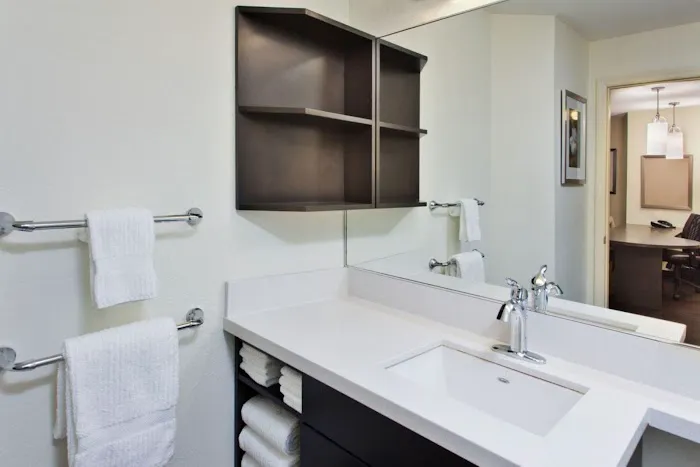 Sonesta Simply Suites Boston Braintree 4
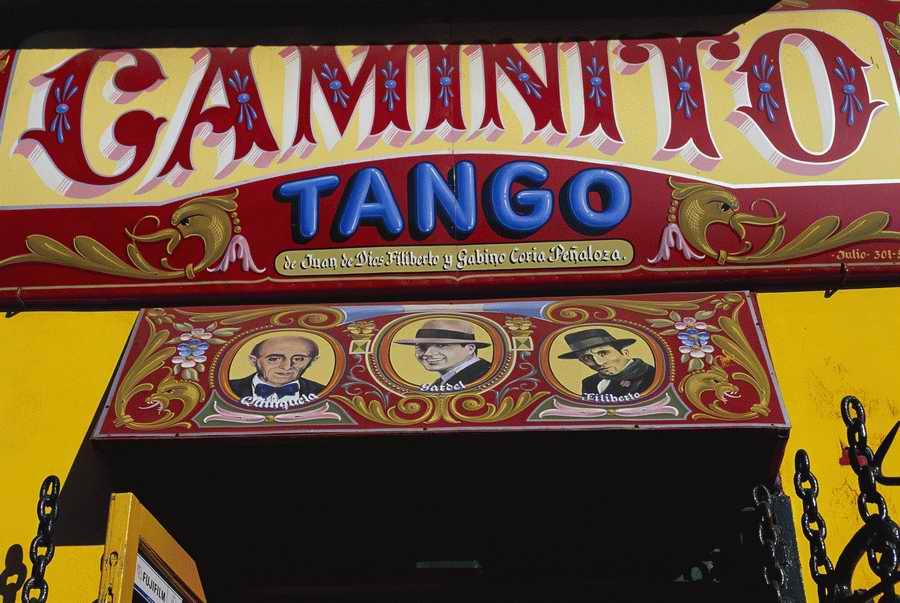 Poster Postcard 5 - Corbis Online ></a>
<script language=JavaScript> 
  var txt =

TASK
The whole listing above, word for word: repeat it with the pictures excluded.

WORKED SOLUTION
 Sonesta Simply Suites Boston Braintree 4
 Poster Postcard 5 - Corbis Online ></a>
<script language=JavaScript> 
  var txt =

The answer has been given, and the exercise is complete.